In the listing below, find the line containing "Offre Joker dans" and the line containing "Mappa Rimac S.R.L". Repeat exactly those two lines and every line between them.

§ §

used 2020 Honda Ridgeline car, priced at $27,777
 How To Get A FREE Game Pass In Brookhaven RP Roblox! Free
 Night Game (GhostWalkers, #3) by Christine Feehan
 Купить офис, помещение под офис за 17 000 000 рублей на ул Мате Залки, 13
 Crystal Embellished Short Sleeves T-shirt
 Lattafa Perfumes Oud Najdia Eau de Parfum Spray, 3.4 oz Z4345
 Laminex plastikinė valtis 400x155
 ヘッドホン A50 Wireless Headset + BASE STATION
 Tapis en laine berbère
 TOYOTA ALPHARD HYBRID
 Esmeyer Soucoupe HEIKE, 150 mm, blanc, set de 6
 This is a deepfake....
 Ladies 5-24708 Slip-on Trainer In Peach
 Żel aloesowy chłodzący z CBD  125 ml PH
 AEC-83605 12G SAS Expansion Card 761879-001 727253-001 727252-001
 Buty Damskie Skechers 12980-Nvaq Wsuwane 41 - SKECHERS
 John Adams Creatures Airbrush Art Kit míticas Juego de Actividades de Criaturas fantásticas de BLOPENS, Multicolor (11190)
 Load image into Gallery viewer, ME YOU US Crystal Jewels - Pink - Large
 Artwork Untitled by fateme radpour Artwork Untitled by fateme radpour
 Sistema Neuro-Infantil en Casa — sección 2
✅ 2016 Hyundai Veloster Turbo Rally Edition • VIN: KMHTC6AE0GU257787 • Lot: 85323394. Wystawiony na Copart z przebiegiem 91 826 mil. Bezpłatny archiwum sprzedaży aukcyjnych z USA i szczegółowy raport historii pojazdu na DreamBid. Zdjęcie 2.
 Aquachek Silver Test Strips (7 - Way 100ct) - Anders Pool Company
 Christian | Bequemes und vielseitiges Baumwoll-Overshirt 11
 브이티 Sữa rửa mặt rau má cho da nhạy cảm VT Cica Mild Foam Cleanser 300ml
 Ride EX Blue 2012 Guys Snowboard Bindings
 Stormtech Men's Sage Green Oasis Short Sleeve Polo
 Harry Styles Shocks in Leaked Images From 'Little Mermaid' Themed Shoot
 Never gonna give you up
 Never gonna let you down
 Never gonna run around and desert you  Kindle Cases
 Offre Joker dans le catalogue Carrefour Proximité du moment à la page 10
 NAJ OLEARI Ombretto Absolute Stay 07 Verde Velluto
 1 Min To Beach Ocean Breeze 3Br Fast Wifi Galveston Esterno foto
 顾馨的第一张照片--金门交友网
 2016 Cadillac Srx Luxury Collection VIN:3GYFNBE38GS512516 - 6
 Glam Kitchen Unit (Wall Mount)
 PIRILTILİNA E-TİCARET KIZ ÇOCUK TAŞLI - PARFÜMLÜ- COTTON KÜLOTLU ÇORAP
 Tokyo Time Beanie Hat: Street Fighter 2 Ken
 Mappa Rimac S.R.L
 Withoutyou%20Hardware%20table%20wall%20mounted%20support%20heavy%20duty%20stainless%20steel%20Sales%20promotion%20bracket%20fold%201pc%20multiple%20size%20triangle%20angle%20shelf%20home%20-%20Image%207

§ §

= Response to the task =
 Offre Joker dans le catalogue Carrefour Proximité du moment à la page 10
 NAJ OLEARI Ombretto Absolute Stay 07 Verde Velluto
 1 Min To Beach Ocean Breeze 3Br Fast Wifi Galveston Esterno foto
 顾馨的第一张照片--金门交友网
 2016 Cadillac Srx Luxury Collection VIN:3GYFNBE38GS512516 - 6
 Glam Kitchen Unit (Wall Mount)
 PIRILTILİNA E-TİCARET KIZ ÇOCUK TAŞLI - PARFÜMLÜ- COTTON KÜLOTLU ÇORAP
 Tokyo Time Beanie Hat: Street Fighter 2 Ken
 Mappa Rimac S.R.L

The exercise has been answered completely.